Qual a trajetória da narrativa nestes seis episódios?

_ O primeiro episódio, de uma hora e meia, que eu dirigi, é exatamente o roteiro que escrevi para o que seria o piloto. A partir daí minha preocupação  foi introduzir os personagens e estabelecer o mundo que êles habitam. Desde o começo, desde minhas primeiras conversas com Robert Kirkman , concordamos que íamos ampliar o material, deixar que ele expandisse, que respirasse, que nos sugerisse novas situações.

Meu foco sempre foi abraçar esses personagens e me deter sobre eles, em vez de disparar com a história _ o que seria mais simples, já que Robert tinha nos dado toda a planta-baixa da trama em seus comix. O primeiro episódio é Rick Grimes ( Andrew Lincoln) entrando nesse mundo apocalíptico. A partir do segundo episódio começamos a fazer esses desvios mais e mais… e é uma delícia! Queremos surpreender o público, inclusive o público que conhece os quadrinhos, queremos que êle reconheça aquilo que ama mas também nunca saiba o que vai acontecer.
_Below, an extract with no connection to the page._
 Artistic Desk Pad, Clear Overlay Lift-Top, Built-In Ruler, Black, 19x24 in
E no episódio 6 vamos por atalhos realmente inesperados…

Robert Kirkman está então completamente envolvido no processo?

Robert Kirkman e alguns amigos no set de The Walking Dead

_ Completamente. É uma das grandes alegrias deste projeto. Ele estava na primeira reunião comigo, em todos os trabalhos de roteiro, estava presente na sala dos roteiristas para criar cada episódio. Eu disse a êle que queria me deter sobre coisas sugeridas nos quadrinhos e criar novas situações a partir delas. E êle apoiou inteiramente, aliás adorou a ideia de ir nessa jornada pegando desvios, fazendo o jogo do “e se…” Para Robert é como fazer um riff novo sobre um tema que êle conhece muito bem.
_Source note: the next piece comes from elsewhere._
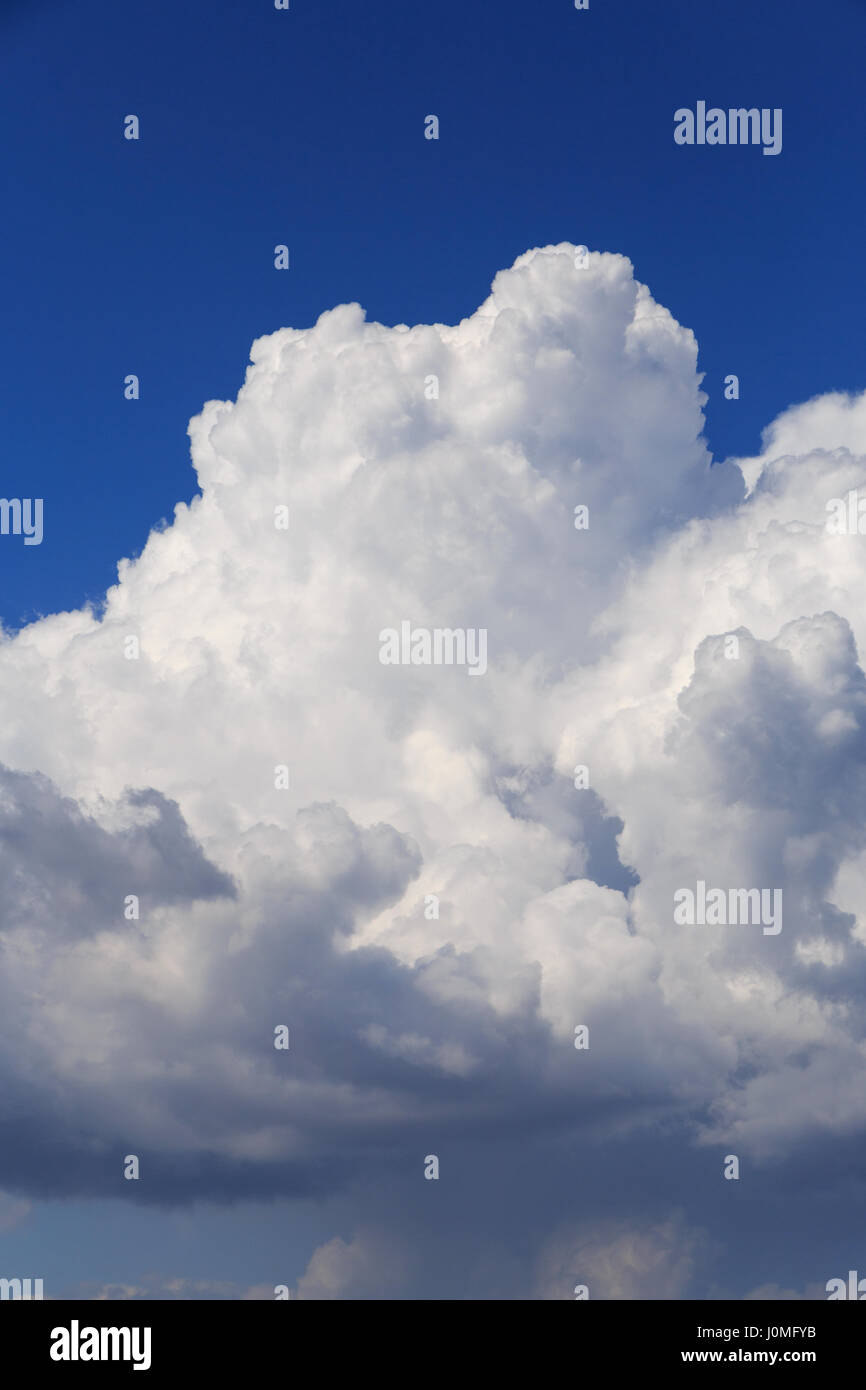 sehen Sie sich auf Wolken am blauen Himmel Stockfoto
Os comix levam a trama numa direção super sombria e terrível_ você vai levar a série nessa direção também? Ou existe algum tipo de pressão da AMC para abrandar o material?

_ Não há interferência alguma. Nunca houve, em nenhum momento, qualquer tipo de sugestão, temos liberdade completa para tratar o material.  Imagino que a série vai mesmo ser sombria e assustadora, provavelmente mais sombria e assustadora que qualquer outra coisa que já se viu na TV. Por exemplo: adoro o Governor, é um personagem fantástico e com certeza quero chegar até êle.
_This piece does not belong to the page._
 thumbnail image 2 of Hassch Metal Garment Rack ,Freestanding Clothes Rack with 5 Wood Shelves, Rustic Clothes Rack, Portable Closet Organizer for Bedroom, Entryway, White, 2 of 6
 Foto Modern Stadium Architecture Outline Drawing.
Em algum momento você pensou em adaptar The Walking Dead para o cinema?

_ Não. Uma das coisas que amei no material original é seu longo arco narrativo, o modo como a trama se desenvolve gradualmente. E isso é perfeito para TV. É o tipo de história que a TV nasceu para contar. Você pode contar um tipo de história nas duas horas de um filme _ é um foco mais restrito, que você tem que manter se vai fazer a coisa direito, sem alienar a platéia. Na TV você tem essa maravilha que é o tempo para desenvolver uma trama.